Ask HN: How do huge sites with Millions of URL manage their sitemap?
Sites like twitter, facebook, quora, etc. probably would be having sitemap so that the search engines can crawl them in better way.
How do they manage such a huge sitemap?
What kind of special tools do they use for it?
I have a few sites with a few million Uris and found that the sitemap leads to much faster and better indexation than I would have had otherwise.
The sitemap protocol is a little bit awkward at this point since a sitemap file can only have 50k links so then you need a sitemap index. If you are not exceptionally careful you will see files updated when the crawlers are downloading them, sitemap indexes not perfectly synced to the sitemaps and other things that cause transient errors. In theory you could be careful with how things are date stamped to reduce the considerable load of downloading your site maps but web crawlers don't 100% trust assertions of how often things get updated.
Adding it up sitemaps work OK for a million pages, but probably not for a billion.
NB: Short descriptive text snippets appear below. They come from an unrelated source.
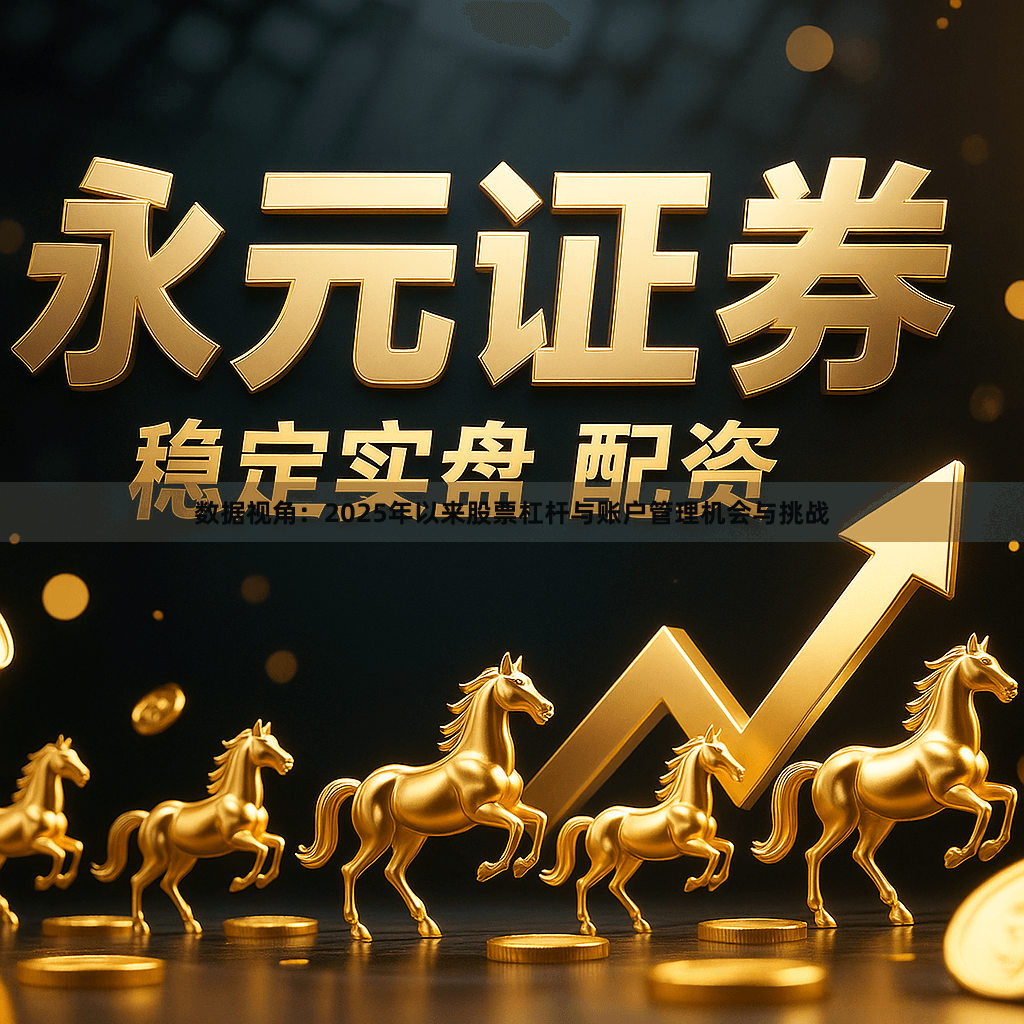 数据视角：2025年以来股票杠杆与账户管理机会与挑战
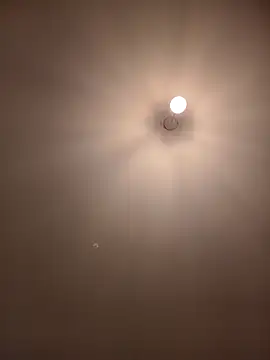 Snapshot of Dietosca chatting on 04/13/26, 02:28 Dietosca online show from 04/13/26, 02:28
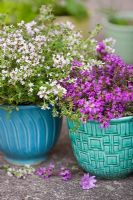 Herbs in colourful antique pots  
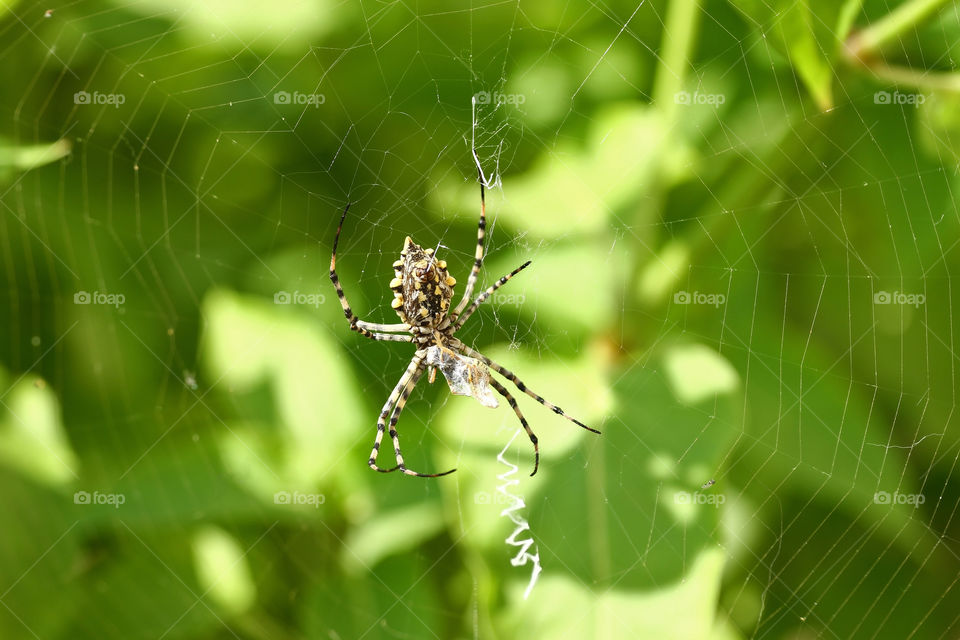 Spider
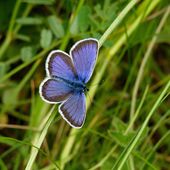 La lente extinction des papillons, en images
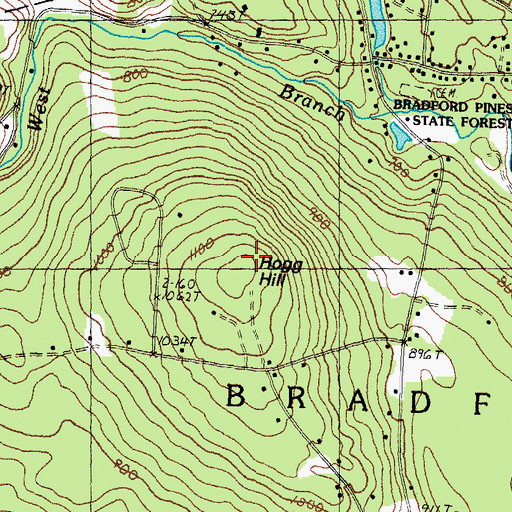 Topographic Map of Hogg Hill, NH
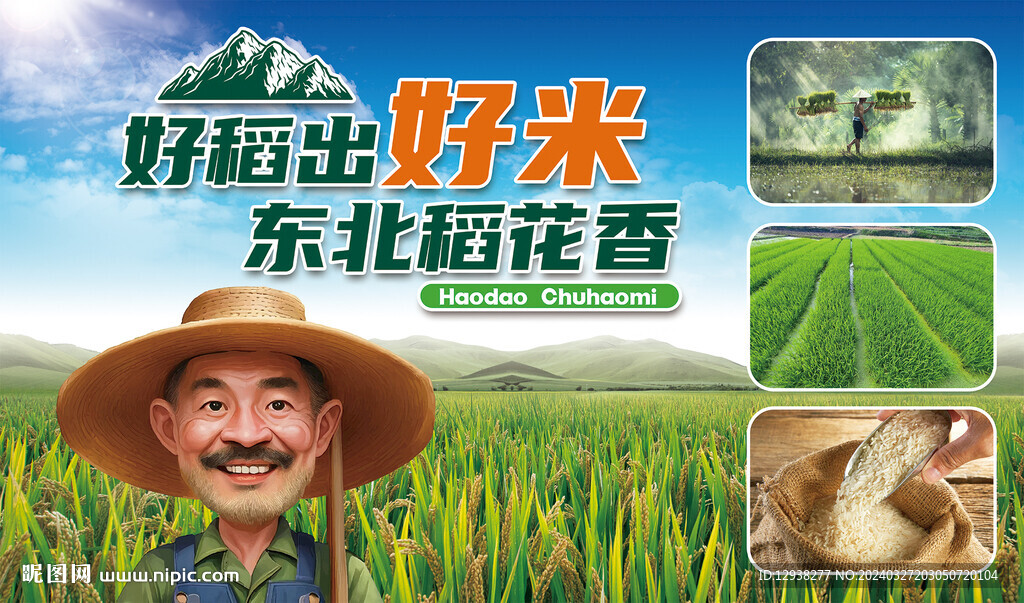 大米水稻广告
I can't seem to find any evidence of a sitemap on Twitter, Facebook or Quora.
Quora has THIS: http://www.quora.com/sitemap
I can't find any sort-of XML, JSON, or even TXT sitemap on any major site like that.
They may have a special agreement with the search engines, or maybe their sitemaps only appear to search bot user agents/IP's.
The other alternative could be that they simply DON'T HAVE A SITEMAP. Search bots might just be crawling them as normal, or with some sort-of link feed agreement with the companies, which lets them index as soon as a new link is created internally.